Here are a few examples of ways to find your wanted element. All below examples are based on the assumption that you have an element that looks a little like this (can be different type and css elsewhere, but basically that you have an element somewhere with some styling and some attribute).

<div mycustomattribute="login" style="width:calc(5cm - 3cm)"></div>

Note that the below examples aren't necessarily all I the ways I can give you, it's just the ones I could think of on the fly, if your problem isn't resolved using these I can probably think of one or two more ways to solve your problem.

Selecting using a custom attribute

You can set any attribute you want on any element you want. For example, if you want <div mycustomattribute="hello"> and then querySelect that, it's totally valid.

var test = document.querySelect("div[mycustomattribute=login]")

The above script will select only the div that has an attribute name with the value login. I think you already know of this method but figured I'd mention it because it's by far the easiest, least hacky way of finding a specific element, if you can set an attribute on your element that is.

Select using position

Lets say you want to select the nearest element that is 50 px to the right of the element you selected.

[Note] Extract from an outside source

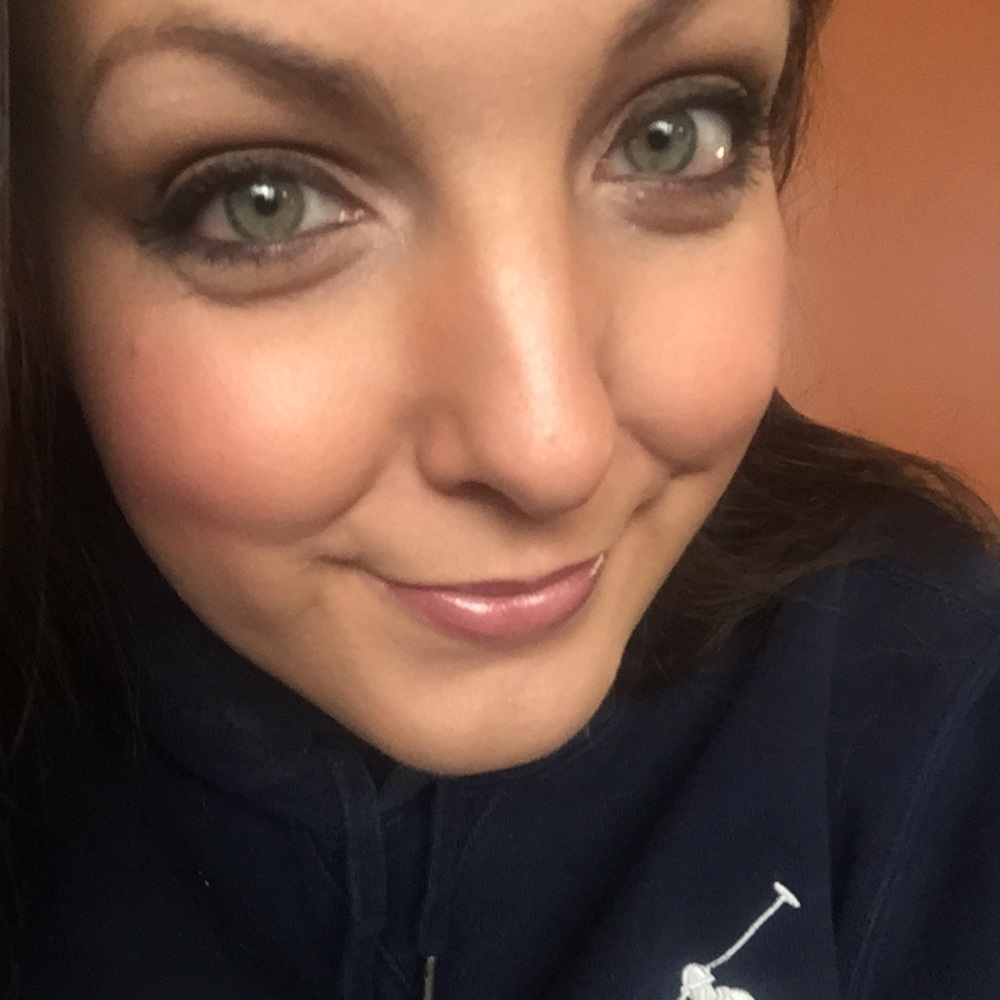 Meet your Posher, Victoria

var base = document.querySelect("div[name=login]")
// Get Y coordinate of base element
var y = base.getBoundingClientRect().top;
// Get X coordinate of base element on its right side, since we're gonna look to the right of it
var x = base.getBoundingClientRect().right;
// Find the element that is 50 pixels to the right of our base element
var element = document.elementFromPoint(x + 50, y);

Select using CSS values

This is more tricky but certainly possible. You are correct in that you can't just run querySelector to find an element based on a CSS value (calculated or otherwise), but you can run the calculation yourself to get the value your desired element should have and then just loop through them to get the one you want.

So, for example:

var divs = document.querySelectorAll('div');
var element = null;

for (i = 0; i < divs.length; ++i) {
    /* We assume you know the result of the calculated value, either because it's
a static result (e.g. `5cm - 3cm`), or because you rerun the calculation in
javascript to find out what its result is.
Note that you can use whatever style you want here to find the div, like
"visible" or "display" or whatever you want, just set up the proper if
statements.
    */
    if(div.style.width = "2cm") {
        element = div;
        break;
    }
}

References

This is a little side note but try to use mozilla instead of w3schools, mozilla is way better for references. I was hesitant too at first to make the jump to mozillas documentation but it really is way better once you learn how to use it.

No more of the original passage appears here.